For the quarter ended Nov. 2, Target posted net income of $341 million, or 54 cents a share, compared with net income of $637 million, or 97 cents a share, a year ago.
This includes a 29-cent loss from Canadian operations, the retailer noted. Excluding those adjusted earnings came in at 83 cents a share. Analysts’ estimate expected 62 cents a share.
Net revenue was up 1.9% to $17.3 billion in line with analysts’ call for $17.36 billion in sales. Comparable store sales edged up 0.9%.
‘Consumer Spending Constrained’
The Canadian division, which added 23 stores in the quarter, generated $333 million in sales and posted a $238 million loss before interest and taxes.
“While our initial sales and profits in Canada have not met our expectations, we remain enthusiastic about the Canadian market and confident in the long-term success of these stores,” CEO Gregg Steinhafel told analysts on a conference call.
Focusing on the U.S. division, Steinhafel said: “Target’s third quarter financial results reflect continued strong execution in our U.S. Segment in an environment where consumer spending remains constrained.”
Gross margins dipped to 30% from 30.3% due to category rate pressure from seasonal markdowns. Selling, general and administrative expenses expanded to 21.2% compared with 20.5% in the year-ago period.

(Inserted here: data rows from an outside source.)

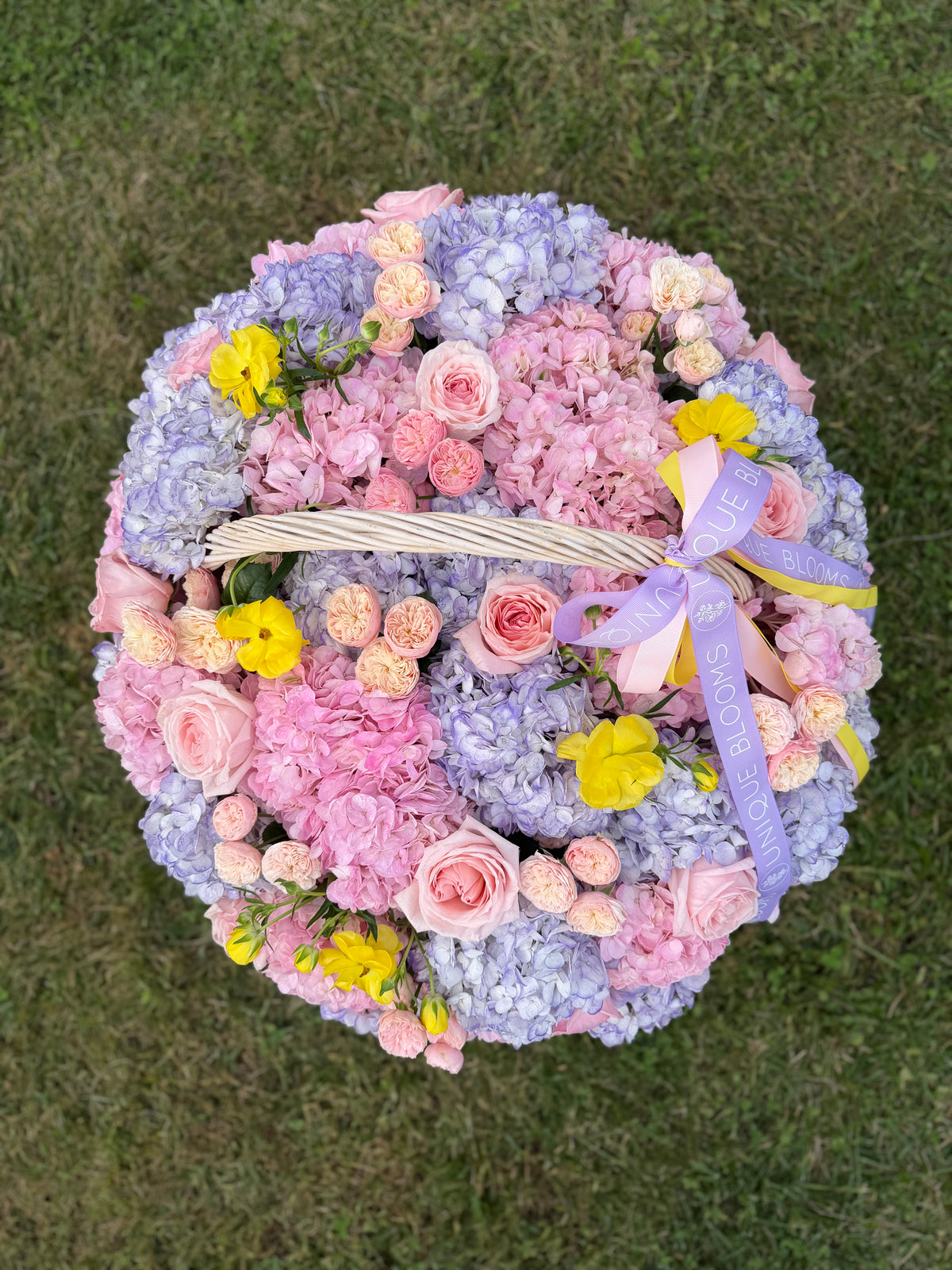 CUSTOM WHITE BASKET - ROUND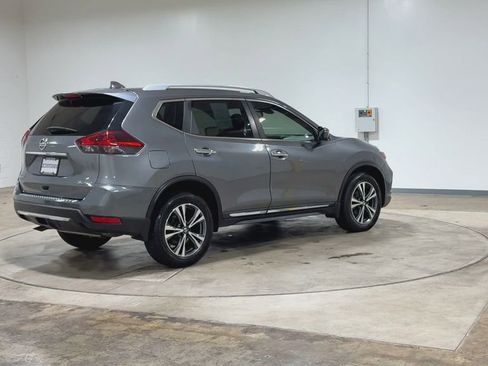 Used 2018 Nissan Rogue SL AWD/4WD image 9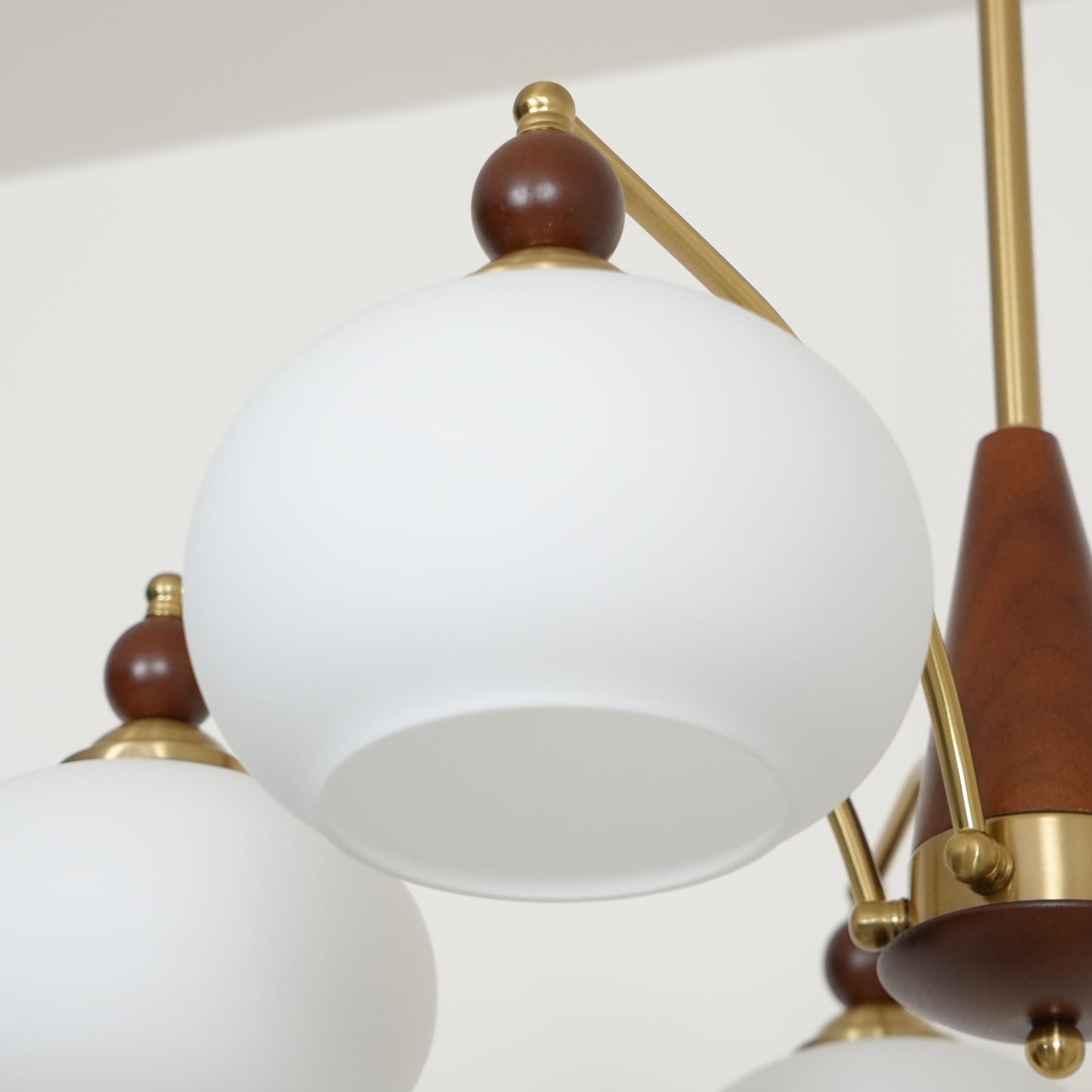 Künstlerische Kronleuchter-Pendelleuchte im Retro-Stil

Target’s credit card business increased 150 basis points to 9.5%, while debit card penetration expanded 440 basis points to 10.4%. Total store “REDcard” business rose to 19.9% from 14% in the year-ago quarter
For its fourth quarter, Target forecast adjusted earnings between $1.50 to $1.60 a share (excluding 22 to 32 cents due to costs related to Canadian market). Analysts’ estimate is for $1.56.
Target revised downward its previous full year outlook, projecting adjusted earnings at $4.59 to $4.69 a share (excluding 95 cents to $1.05 a share related to Canadian market). Previously, Target projected adjusted earnings of $4.70 to $4.90 a share.